A San Francisco-based wireless company is working liberal political activism into its business plan in a unabashedly partisan marketing strategy that experts say could catch on in today's polarized culture -- but also could alienate many potential customers.
The company, CREDO, even boasts that it has the support of President Obama as it markets itself as an agent of social change. It pitches its mobile phone services with a vow to fight for "real" health care reform, free speech, peace and the environment.
(Excerpt) Read more at foxnews.com ...
I only see it working if you are dealing with a item that is used mostly by polarized people, such as carbon credits or such. Ben and Jerrys has been doing this to some extent for years, and I think it has held them back.
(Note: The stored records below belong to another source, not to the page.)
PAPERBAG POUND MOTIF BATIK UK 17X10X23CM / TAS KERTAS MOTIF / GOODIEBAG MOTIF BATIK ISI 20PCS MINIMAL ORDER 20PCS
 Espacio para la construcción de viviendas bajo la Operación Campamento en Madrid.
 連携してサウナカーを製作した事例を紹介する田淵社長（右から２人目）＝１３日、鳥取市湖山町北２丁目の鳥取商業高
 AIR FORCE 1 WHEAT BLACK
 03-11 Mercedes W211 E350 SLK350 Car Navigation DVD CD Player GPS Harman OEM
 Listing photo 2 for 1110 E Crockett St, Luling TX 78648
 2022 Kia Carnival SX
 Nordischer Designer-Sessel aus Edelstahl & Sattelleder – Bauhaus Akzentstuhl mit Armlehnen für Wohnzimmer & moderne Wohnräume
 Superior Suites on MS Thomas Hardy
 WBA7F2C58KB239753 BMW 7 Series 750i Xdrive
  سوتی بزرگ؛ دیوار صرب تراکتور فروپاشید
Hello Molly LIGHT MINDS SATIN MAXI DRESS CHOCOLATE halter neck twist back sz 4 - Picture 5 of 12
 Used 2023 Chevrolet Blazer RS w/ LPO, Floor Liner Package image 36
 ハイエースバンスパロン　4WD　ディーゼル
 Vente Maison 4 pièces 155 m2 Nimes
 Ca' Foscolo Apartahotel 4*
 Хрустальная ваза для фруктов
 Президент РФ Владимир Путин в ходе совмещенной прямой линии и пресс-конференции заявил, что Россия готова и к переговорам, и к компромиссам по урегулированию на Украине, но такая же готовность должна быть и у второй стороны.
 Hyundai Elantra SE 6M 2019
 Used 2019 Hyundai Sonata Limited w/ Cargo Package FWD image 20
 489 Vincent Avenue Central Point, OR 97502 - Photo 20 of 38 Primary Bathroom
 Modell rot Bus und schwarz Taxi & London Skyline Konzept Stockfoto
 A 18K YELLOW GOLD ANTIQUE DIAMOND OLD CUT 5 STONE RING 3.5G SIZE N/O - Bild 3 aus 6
I remember going to thair Vermont center years ago when I was a political newbie, and being confused by a sign on the wall stating they gave a portion of profit to support gay marriage.
Sounds like the same business plan used by ABC,NBC, CBS, CNN when covering the news as opposed to FOX who actually covers the news.
I am betting the lefty whacko company doesn’t care and as long as they don’t have stockholders to answer to it won’t matter
I wish them the same thing I wish for odumbo
|unless you operate only in SF, I don't see this a winning strategy.
Perhaps not, but it's a great survival strategy in a world where the Other Guys are things the size of AT&T and Verizon. You're right: they'll never amount to all that much, but they weren't going to anyway. This way they all get nice salaries, some fancy offices, and the right to continue to call themselves "telecommunications executives."
These same guys have been doing this for years as "Working Assets Long Distance," an also-ran 3rd-party long-distance telephone provider that positioned itself as the Liberal Do-Gooder of telephone companies. They've been at it since 1985, so the strategy does work, where "work" means that the guys running the company have made some cushy jobs for themselves when they might otherwise be selling Droids in a Verizon store.
vow to fight for “real” health care reform, free speech, peace and the environment.
Free speech? From a far leftist? Riiiiiight!